“ALGO SE ROMPEU NA REPÚBLICA TUPINIQUIM, E POLÍTICA HOJE TEM A VER COM VIOLÊNCIA, COM POLÍCIA, COM MILÍCIA, COM MENINOS ARMADOS.”

Gabriel Feltran – Folha de S. Paulo – 16/03/22

Professor titular da Sciences Po (Instituto de Estudos Políticos de Paris) e autor do livro Irmãos: uma História do PCC, Gabriel Feltran escreve sobre as facções armadas que hoje dominam variados territórios do país, conquistaram poder político, se infiltram na Justiça, não se submetem às elites tradicionais e implodem qualquer perspectiva de pacificação institucional, no que ele chama de “contrarrevolução dos jagunços”.

Empreendedores do crime

Os empreendedores — da cocaína, de empresas legais, de fundos públicos, tanto faz — sabem que a vida fica melhor com dinheiro. Dá inclusive para comprar armas e se organizar. Uns ladrões fundaram o Sindicato do Crime, outros, o PCC, outros, a ‘Ndrangheta e outros, os cartéis. Com dinheiro e armas na mão, policiais também se organizaram em sindicatos, carreiras políticas e milícias. Não estamos vendo que grupos armados controlam territórios cada vez maiores no Brasil? Que facções criminais e milícias decidem quem vive ou morre por ali?
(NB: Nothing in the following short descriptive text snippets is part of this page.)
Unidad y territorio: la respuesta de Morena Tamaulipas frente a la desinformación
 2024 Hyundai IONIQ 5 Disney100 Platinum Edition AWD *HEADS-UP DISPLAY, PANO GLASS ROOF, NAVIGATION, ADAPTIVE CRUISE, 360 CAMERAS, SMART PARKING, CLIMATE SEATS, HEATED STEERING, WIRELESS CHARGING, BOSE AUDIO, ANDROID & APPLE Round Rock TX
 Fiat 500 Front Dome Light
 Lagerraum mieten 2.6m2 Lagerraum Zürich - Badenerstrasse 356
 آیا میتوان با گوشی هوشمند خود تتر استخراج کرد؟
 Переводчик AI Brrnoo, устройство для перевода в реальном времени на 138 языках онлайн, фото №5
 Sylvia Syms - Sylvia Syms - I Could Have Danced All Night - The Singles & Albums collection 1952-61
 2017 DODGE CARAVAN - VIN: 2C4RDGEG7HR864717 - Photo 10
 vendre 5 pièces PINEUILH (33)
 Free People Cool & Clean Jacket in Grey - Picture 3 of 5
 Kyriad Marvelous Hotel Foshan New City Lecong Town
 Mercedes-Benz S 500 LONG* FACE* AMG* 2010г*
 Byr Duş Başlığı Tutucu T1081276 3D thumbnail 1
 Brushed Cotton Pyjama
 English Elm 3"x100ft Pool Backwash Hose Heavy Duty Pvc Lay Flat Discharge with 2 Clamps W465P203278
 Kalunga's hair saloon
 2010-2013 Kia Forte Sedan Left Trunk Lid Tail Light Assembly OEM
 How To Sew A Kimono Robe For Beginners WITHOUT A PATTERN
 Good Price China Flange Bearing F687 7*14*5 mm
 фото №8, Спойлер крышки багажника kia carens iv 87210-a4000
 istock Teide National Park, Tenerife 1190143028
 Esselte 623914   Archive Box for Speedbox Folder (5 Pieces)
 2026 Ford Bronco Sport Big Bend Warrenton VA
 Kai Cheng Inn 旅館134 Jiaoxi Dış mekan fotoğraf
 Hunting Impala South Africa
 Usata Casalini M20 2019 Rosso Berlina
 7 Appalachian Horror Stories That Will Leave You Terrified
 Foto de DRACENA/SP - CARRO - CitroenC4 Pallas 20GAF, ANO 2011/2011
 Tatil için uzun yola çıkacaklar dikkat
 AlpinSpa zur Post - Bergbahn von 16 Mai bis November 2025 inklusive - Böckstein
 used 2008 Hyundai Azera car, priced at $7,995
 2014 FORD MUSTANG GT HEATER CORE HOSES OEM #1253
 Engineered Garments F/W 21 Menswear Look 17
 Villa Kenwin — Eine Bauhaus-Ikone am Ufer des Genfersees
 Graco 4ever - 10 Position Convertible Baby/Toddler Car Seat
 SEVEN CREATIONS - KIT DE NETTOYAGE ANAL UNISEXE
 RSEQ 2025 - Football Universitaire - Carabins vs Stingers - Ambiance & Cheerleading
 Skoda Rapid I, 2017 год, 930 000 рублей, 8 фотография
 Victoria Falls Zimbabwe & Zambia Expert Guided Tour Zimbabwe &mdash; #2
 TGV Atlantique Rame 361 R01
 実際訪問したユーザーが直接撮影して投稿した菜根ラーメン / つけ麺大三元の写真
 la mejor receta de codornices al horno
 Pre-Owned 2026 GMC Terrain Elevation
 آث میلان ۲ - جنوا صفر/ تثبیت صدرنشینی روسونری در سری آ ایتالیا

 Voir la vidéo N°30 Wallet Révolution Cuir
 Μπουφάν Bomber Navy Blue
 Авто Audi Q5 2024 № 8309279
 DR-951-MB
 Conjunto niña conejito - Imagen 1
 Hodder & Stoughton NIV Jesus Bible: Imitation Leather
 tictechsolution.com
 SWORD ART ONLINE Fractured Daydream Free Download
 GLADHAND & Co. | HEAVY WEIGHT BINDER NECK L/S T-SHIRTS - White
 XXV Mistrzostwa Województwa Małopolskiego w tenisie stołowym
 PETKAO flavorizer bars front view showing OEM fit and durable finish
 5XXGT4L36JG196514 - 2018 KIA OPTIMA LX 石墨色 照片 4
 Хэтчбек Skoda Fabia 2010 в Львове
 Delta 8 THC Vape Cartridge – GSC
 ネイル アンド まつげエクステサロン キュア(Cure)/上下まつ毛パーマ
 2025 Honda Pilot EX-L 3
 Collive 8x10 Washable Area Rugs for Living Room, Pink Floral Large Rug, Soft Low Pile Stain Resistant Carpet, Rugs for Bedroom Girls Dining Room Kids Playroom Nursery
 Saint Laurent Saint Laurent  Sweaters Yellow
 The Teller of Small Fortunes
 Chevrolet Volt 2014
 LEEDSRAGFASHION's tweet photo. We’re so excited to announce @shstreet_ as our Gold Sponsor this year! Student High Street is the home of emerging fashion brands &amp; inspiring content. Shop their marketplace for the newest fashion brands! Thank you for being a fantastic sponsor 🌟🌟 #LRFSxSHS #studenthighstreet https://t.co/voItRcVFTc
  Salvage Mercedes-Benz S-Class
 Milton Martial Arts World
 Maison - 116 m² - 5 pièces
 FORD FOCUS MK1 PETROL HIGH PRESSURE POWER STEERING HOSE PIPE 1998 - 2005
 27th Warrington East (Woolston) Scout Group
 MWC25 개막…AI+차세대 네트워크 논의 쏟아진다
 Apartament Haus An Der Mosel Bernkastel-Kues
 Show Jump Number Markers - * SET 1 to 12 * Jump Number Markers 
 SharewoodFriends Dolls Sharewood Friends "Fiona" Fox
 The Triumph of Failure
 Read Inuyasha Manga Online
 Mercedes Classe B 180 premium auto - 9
Poder político das facções

Nada mais político que controlar armas e mercados, seja nas periferias ou na Amazônia. Há poder político emanando de facções, milícias e polícias corrompidas. Esse poder tem hoje muito dinheiro. Territórios controlados diretamente por armas — a Amazônia inclusive — têm ofertado enorme acumulação e o que ela produz já desafia os governos locais.

Os ideais de mundo de milicianos e faccionados não são democráticos nem republicanos. Mas sabemos, não é de hoje, que policiais estudam direito e que ladrões têm advogados cada vez melhores. Esses homens todos, uns vindo de baixo e outros de cima, falam agora de grandes negócios e da grande política. Suas diferentes sociedades secretas, criminais, partidárias ou ecumênicas estão no jogo político central. Seu poder não me parece estar hoje sob o controle do Executivo.

Revolução dos jagunços

Estamos diante de uma reestruturação das estruturas de poder? Ou sempre foi assim? Bom, o corporativismo policial-jurídico-empresarial corrompido é, desde sempre, contra a República e os direitos humanos. Nesse corporativismo de gênero, classe e raça, não há uma comunidade de cidadãos a construir. Há uma guerra dos cidadãos (eles mesmos) contra esses pretos todos (e os que os representam). Que fiquem em seus lugares, não nos perturbem.

O problema é que esses pretos e os jagunços já não aceitam esses termos para a guerra. Rompeu-se a linha de poder que emanava das elites econômicas tradicionais e controlava as polícias, que por sua vez controlavam o justiceiro, que então controlava os pretos mais revoltados e os ladrões.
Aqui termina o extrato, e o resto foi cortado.